Lab 11 - Add Context, Memory, Trace, and Evals
Download the lab completion worksheet and lab production readiness worksheet before you start.
Objective
Make the mini-runtime inspectable. Add context packets, scoped memory reads, trace events, and a trajectory eval that can fail even when the final answer looks plausible.
What You Will Use
- Language: TypeScript or Python
- Framework/runtime: from-scratch educational runtime
- Framework-agnostic lesson: runtime behavior must be observable and testable, not only runnable.
- Pattern chapters: Context Engineering, Working Memory, Observability and Evals
- Previous labs: Lab 09, Lab 10
Exercise Time Budget
These estimates assume the Lab 10 runtime is already available.

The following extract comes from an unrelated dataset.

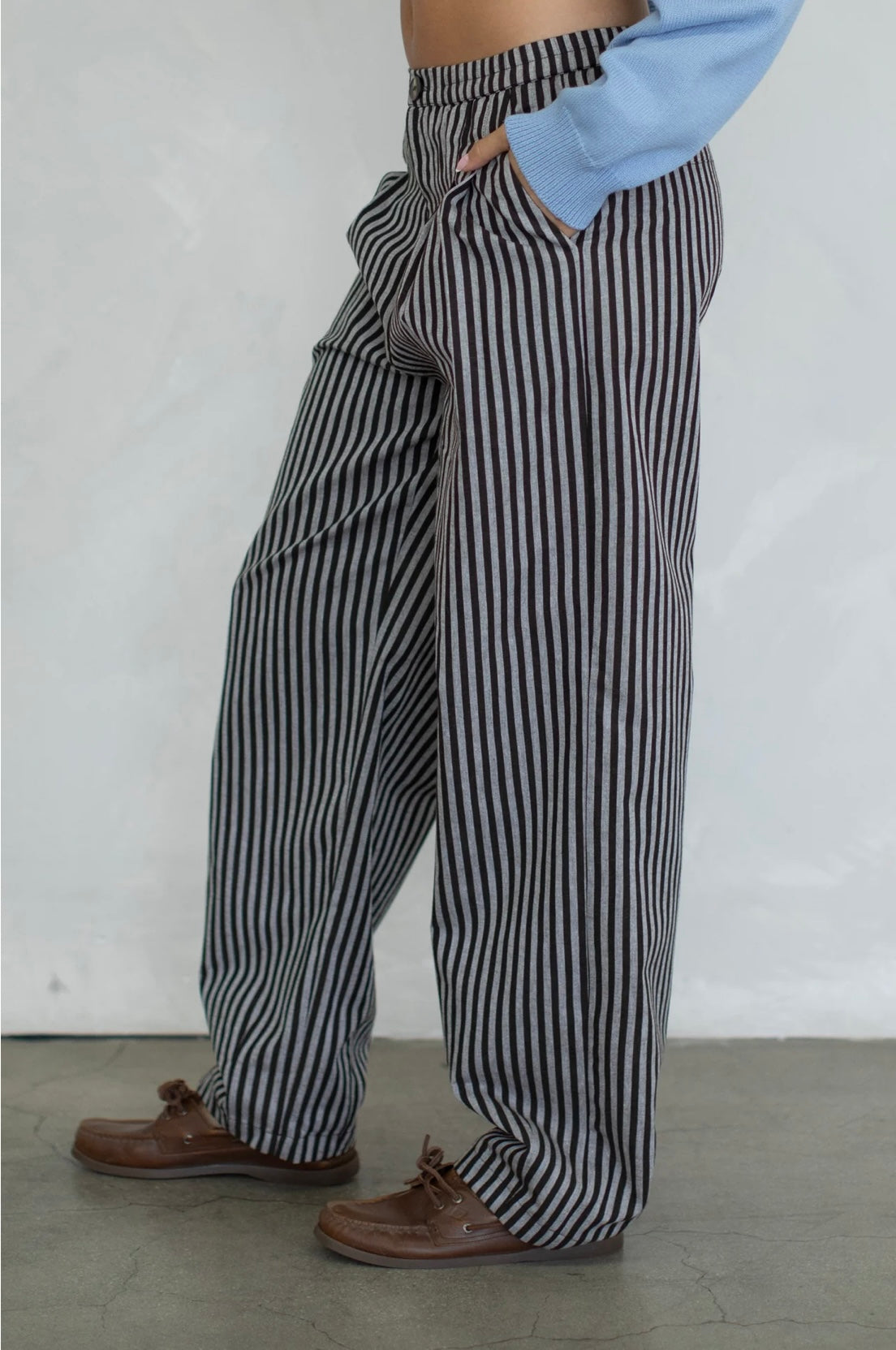 Leighton Stripe Pants in Chocolate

| Exercise | Time | Output |
|---|---|---|
| Run the baseline demo and test | 10 min | Passing runtime command output. |
| Add context and scoped memory | 20 min | Context packet with included and omitted memory references. |
| Add trace events and trajectory evals | 20 min | Trace path plus eval result for risky behavior. |
| Exercise one failure case | 10-15 min | Failed eval or unsafe trajectory signal. |
| Complete production review | 10-25 min | Notes for memory governance, trace redaction, and incident replay. |
Setup
Start from the Lab 10 runtime. Keep tools deterministic and small.
Reference files:
minimal-agent-runtime/typescript/src/runtime.tsminimal-agent-runtime/typescript/src/run_demo.tsminimal-agent-runtime/typescript/test/runtime.spec.ts
Run the reference demo and test:
npm run mini-runtime
npm run mini-runtime:test
Add a memory fixture:
const memory = [
{ id: "mem_1", scope: "project", text: "Write tools require approval." },
{ id: "mem_2", scope: "task", text: "The current task may use read tools only." },
];
Runtime Contract
type ContextPacket = {
runId: string;
goal: string;
stateSummary: string;
observations: Array<{ summary: string }>;
toolsDisclosed: string[];
memoryRefs: string[];
omittedRefs: Array<{ ref: string; reason: string }>;
};
type TraceEvent = {
runId: string;
step: number;
type:
| "context_built"
| "decision"
| "policy_decision"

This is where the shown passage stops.